Gerade bei Syrim kommt das arg dumm, sollten Mods nur gegen Echtgeld zu bekommen sein, aber auf xx anderen Mods aufbauen.

Davon ab müssen sich die Preise in einer vernünftige Relation bewegen und da sollte man sich bitte am Durchschnittlichen Umfang von Vollpreistiteln und deren Preis orientieren. Ich zahle für ne SkinMod oder für ne ENB-Mod sicherlich nicht mehr als 1 allerhöchstens 2 €.

Ich bleibe dabei, das beste wäre meiner Meinung nach eine Spenden-Funktion und keine Möglichkeit mods NUR gegen Echtgeld zu verkaufen.


----------



## Theojin (11. Februar 2017)

Das Gabe könnte auch einfach mal sein scheiss PR Geblubber weglassen und einfach mal sagen, daß Valve mehr Geld für sich selber generieren möchte.

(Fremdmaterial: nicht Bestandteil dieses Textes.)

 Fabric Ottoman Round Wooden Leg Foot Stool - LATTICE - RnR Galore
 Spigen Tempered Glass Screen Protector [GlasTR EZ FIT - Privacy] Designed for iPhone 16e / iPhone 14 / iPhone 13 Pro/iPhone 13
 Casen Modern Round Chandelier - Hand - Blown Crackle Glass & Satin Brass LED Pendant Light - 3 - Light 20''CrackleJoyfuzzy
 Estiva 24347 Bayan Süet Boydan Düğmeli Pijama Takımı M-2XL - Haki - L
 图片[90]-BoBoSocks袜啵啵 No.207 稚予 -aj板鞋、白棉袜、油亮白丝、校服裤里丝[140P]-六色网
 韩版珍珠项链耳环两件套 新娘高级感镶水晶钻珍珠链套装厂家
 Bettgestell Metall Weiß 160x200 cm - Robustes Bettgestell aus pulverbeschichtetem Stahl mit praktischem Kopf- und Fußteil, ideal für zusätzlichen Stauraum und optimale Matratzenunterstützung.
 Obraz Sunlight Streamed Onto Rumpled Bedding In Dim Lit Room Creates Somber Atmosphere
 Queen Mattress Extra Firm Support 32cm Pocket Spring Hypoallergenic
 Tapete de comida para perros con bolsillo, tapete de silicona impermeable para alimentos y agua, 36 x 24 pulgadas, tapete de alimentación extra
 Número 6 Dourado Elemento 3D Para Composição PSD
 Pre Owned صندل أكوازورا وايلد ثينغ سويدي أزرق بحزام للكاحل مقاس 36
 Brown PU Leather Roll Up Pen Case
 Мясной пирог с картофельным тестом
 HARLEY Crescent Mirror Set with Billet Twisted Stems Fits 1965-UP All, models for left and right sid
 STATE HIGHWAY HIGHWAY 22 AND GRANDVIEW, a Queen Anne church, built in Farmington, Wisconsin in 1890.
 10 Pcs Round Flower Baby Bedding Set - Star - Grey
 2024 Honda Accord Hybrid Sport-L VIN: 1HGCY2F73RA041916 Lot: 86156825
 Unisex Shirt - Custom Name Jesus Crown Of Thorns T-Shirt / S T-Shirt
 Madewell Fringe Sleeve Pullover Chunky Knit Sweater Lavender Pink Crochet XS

Die Modder gehen denen doch am Arsch vorbei, respektive deren "Entlohnung". Der ist auch nix anderes als all die Schlipsträger in den Chefetage diverser Publisher. Nur daß er halt wie ein dicker alter Nerd rüberkommen will.

Nicht falsch verstehen, wenn ein Modder für seine Arbeit Geld haben will, soll er das auch bekommen, wenn es Leute gibt, denen das Geld wert ist. Aber Valve schneidet sich ja ein verflucht großes Stück vom Kuchen ab. Der Shitstorm wird aber vermutlich eh wieder kommen. Aber wenn man es nur lange und beharrlich genug versucht, geht irgendwann alles. Deswegen kostet ja mittlerweile ein AAA Spiel keine 50Euro, sondern eher 100 und mehr, wenn man nicht nur die abgespeckte Basisversion haben will.


----------



## WeeFilly (11. Februar 2017)

Schön, dass Steam aus Fehlern lernt. 

Mal ehrlich, machen die nicht schon genug Geld? 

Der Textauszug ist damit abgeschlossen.